Background: Interest in prediction models, including machine learning (ML) models, based on laboratory data has increased tremendously. Uncertainty in laboratory measurements and predictions based on such data are inherently intertwined. This study developed a framework for assessing the impact of biological and analytical variation on the prediction uncertainty of categorical prediction models.
Methods: Practical application was demonstrated for the prediction of renal function loss (Chronic Kidney Disease Epidemiology Collaboration [CKD-EPI] equation) and 31-day mortality (advanced ML model) in 6360 emergency department patients. Model outcome was calculated in 100 000 simulations of variation in laboratory parameters. Subsequently, the percentage of discordant predictions was calculated with the original prediction as reference. Simulations were repeated assuming increasing levels of analytical variation.

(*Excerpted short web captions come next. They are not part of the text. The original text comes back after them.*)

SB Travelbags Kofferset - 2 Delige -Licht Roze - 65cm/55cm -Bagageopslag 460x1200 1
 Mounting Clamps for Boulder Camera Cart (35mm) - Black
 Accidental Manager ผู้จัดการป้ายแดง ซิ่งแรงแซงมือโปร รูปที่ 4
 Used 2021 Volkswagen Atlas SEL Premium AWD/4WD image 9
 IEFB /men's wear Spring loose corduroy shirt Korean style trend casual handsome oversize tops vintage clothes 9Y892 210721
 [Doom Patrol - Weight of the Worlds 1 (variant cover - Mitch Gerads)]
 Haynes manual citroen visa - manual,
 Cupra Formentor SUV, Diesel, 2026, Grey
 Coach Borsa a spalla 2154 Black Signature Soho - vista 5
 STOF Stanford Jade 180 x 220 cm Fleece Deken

Results: For the ML model, area under the receiver operating characteristic curve (AUROC), sensitivity, and specificity were 0.90, 0.44, and 0.96, respectively. At base analytical variation, the median [2.5th-97.5th percentiles] percentage of discordant predictions was 0% [0%-28.8%]. In addition, 7.2% of patients had >5% discordant predictions. At 6× base analytical variation, the median [2.5th-97.5th percentiles] percentage of discordant predictions was 0% [0%-38.8%]. In addition, 11.7% of patients had >5% discordant predictions. However, the impact of analytical variation was limited compared with biological variation. AUROC, sensitivity, and specificity were not affected by variation in laboratory parameters.
Conclusions: The impact of biological and analytical variation on the prediction uncertainty of categorical prediction models, including ML models, can be estimated by the occurrence of discordant predictions in a simulation model. Nevertheless, discordant predictions at the individual level do not necessarily affect model performance at the population level.